=== ACTIVITY ===
Leaving pictures out, repeat word for word the line that has "A black battery with red text and symbols." and each line that follows it to the end of the listing.

——————————

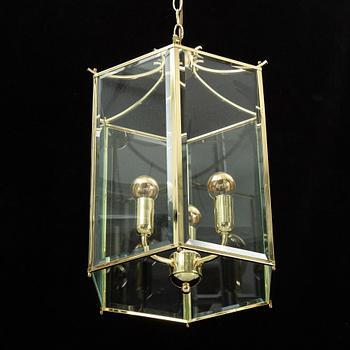 A 20th century brass Bellman-style ceiling lantern.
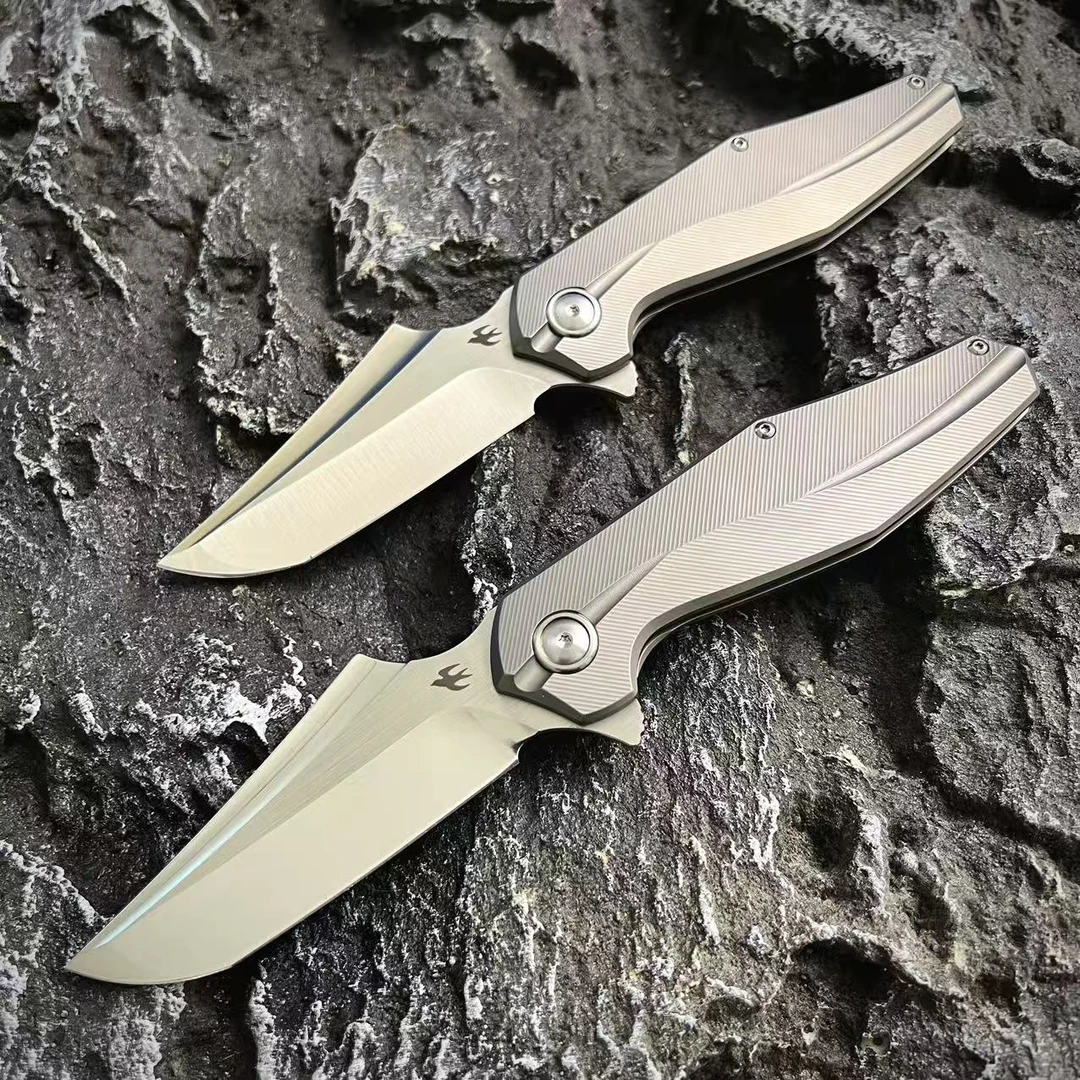 无限查理-逆光天使 进口M390-缎面拉丝工艺钛合金户外EDC口袋折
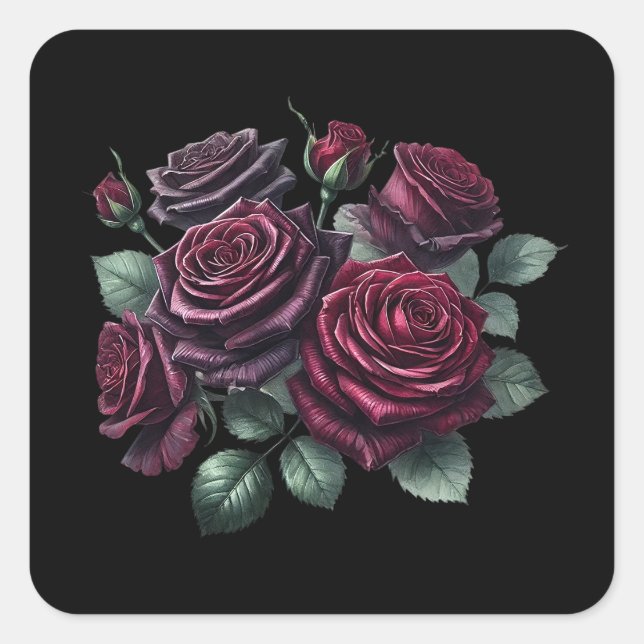Sticker Carré Red Gothic Roses (Devant)
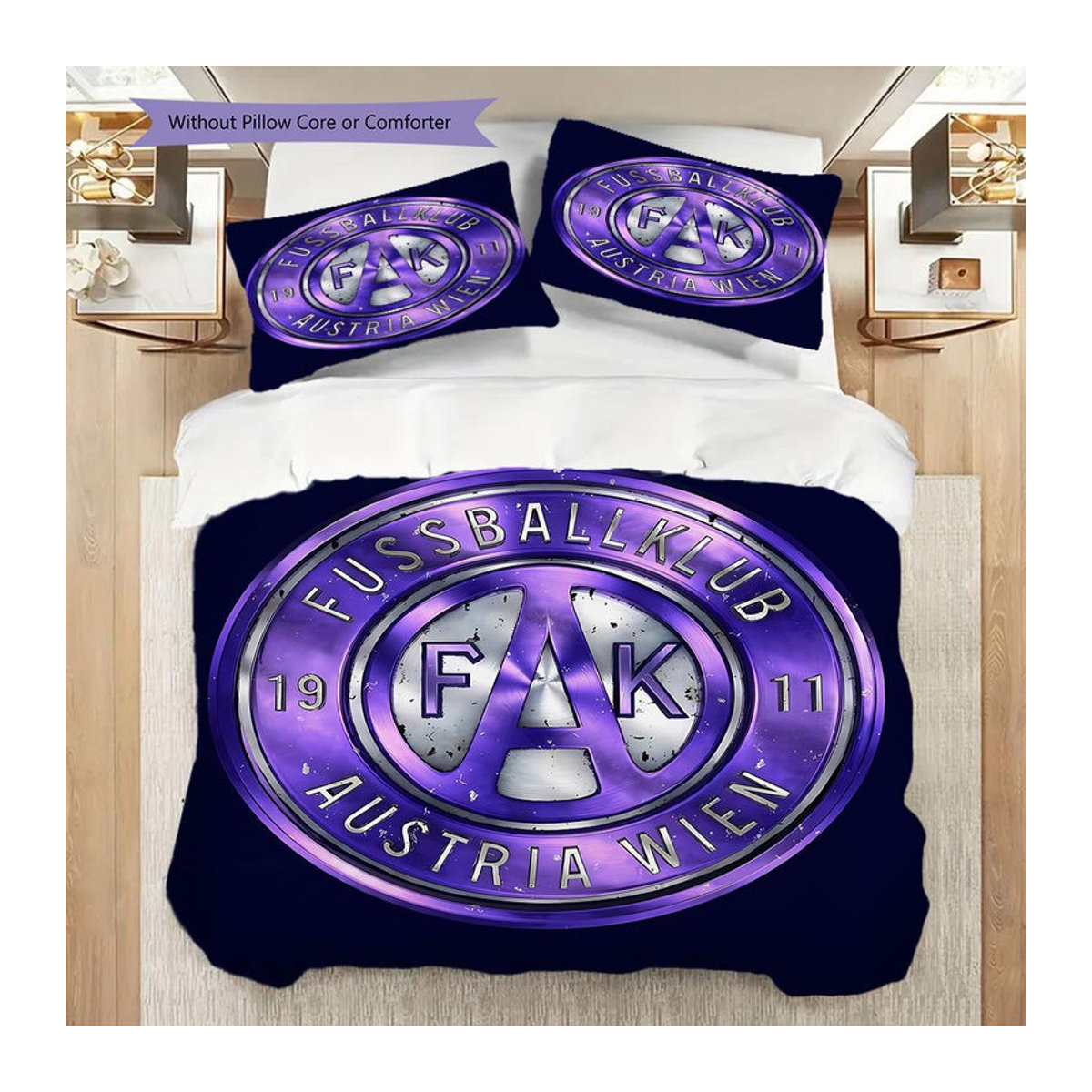 FK Austria Wien Bettwäsche Set mit Bettbezug und 2 Kissenbezügen von Manus Home, B/H: 240 x 220 cm - Bild 9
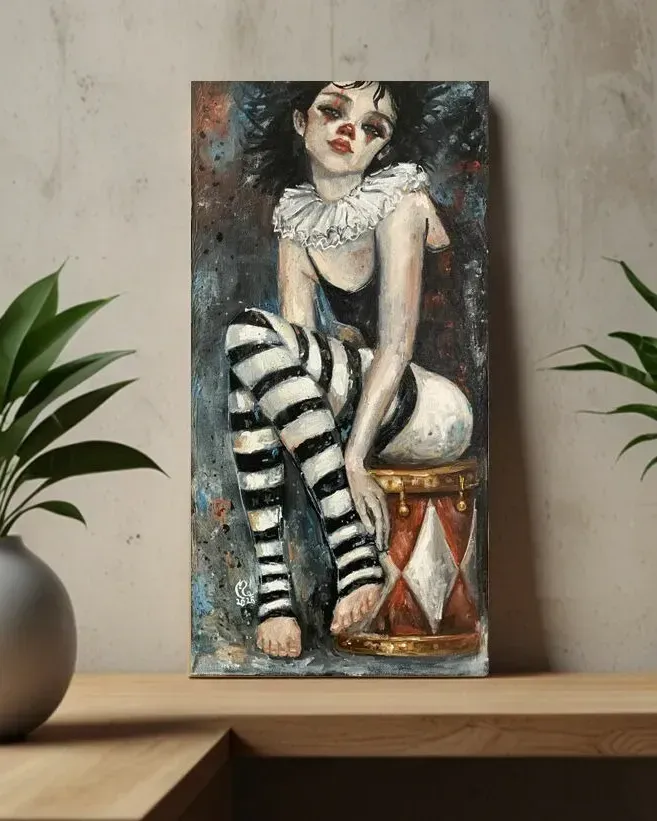 Клоунесса. Картина маслом 30×60 см — 30×60 см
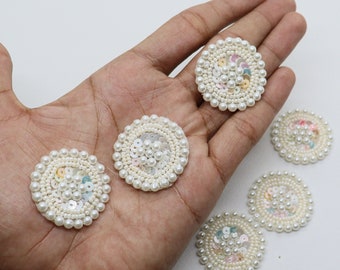 Pearl Sequin Applique Patches: Beaded Sew-On Embellishments (1.25 Inch, 10 Pieces)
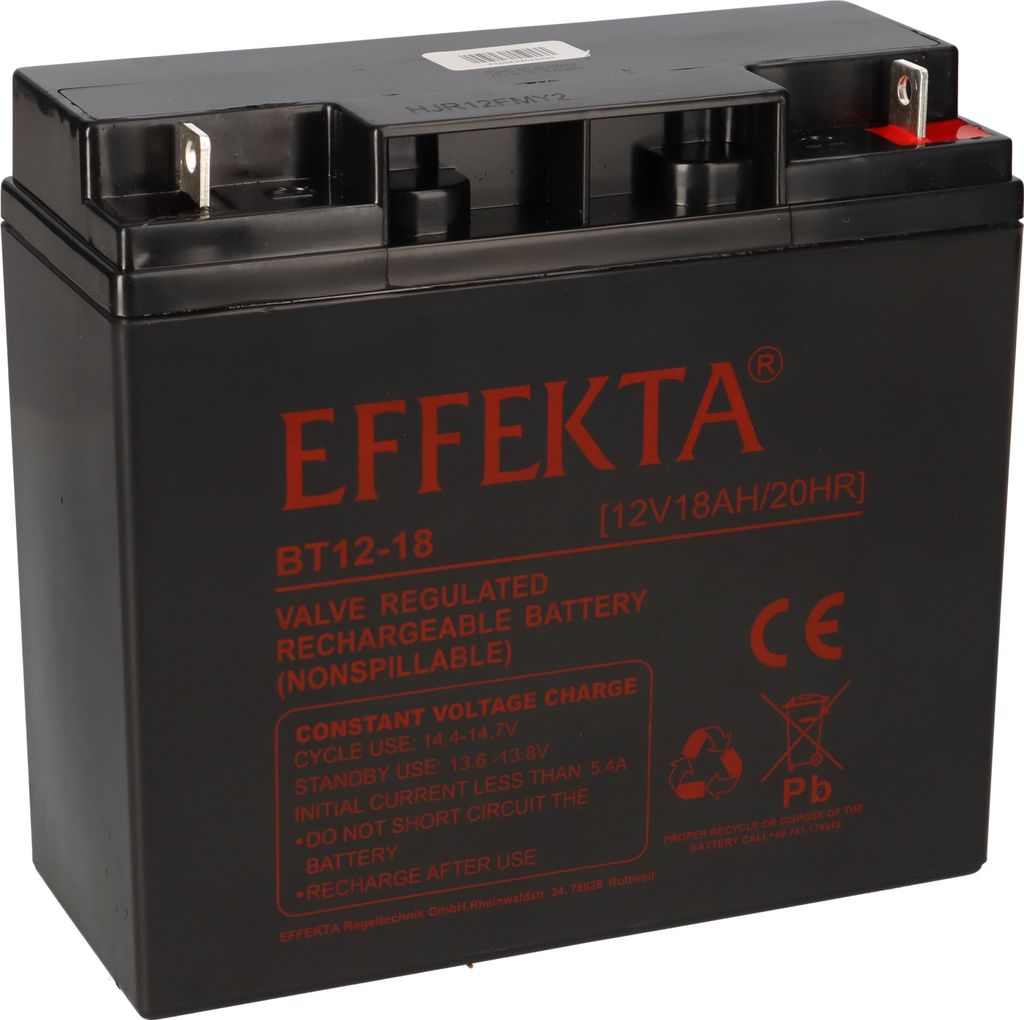 A black battery with red text and symbols.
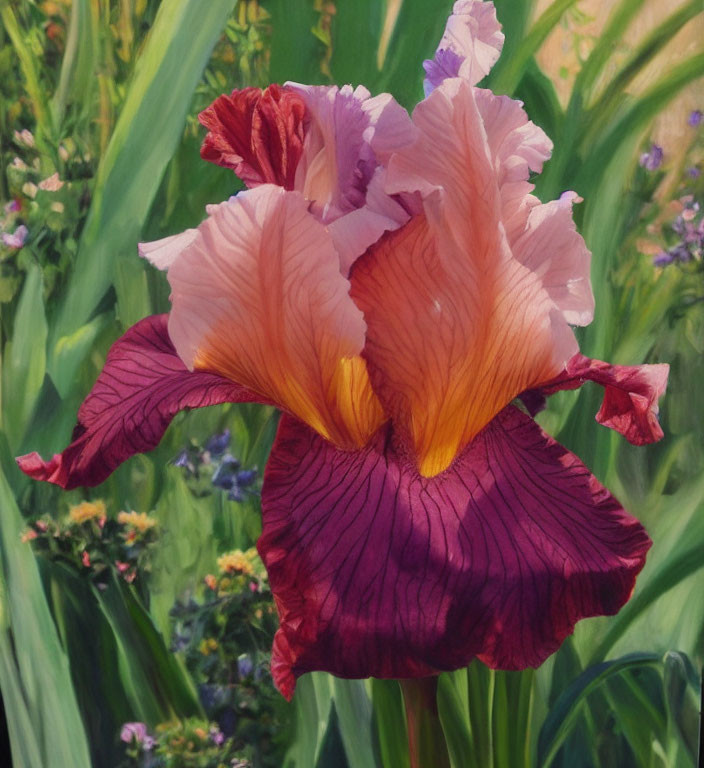 Pink and Purple Iris Flower with Green Foliage and Purple Flowers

——————————

=== RESPONSE TO THIS EXERCISE ===
 A black battery with red text and symbols.
 Pink and Purple Iris Flower with Green Foliage and Purple Flowers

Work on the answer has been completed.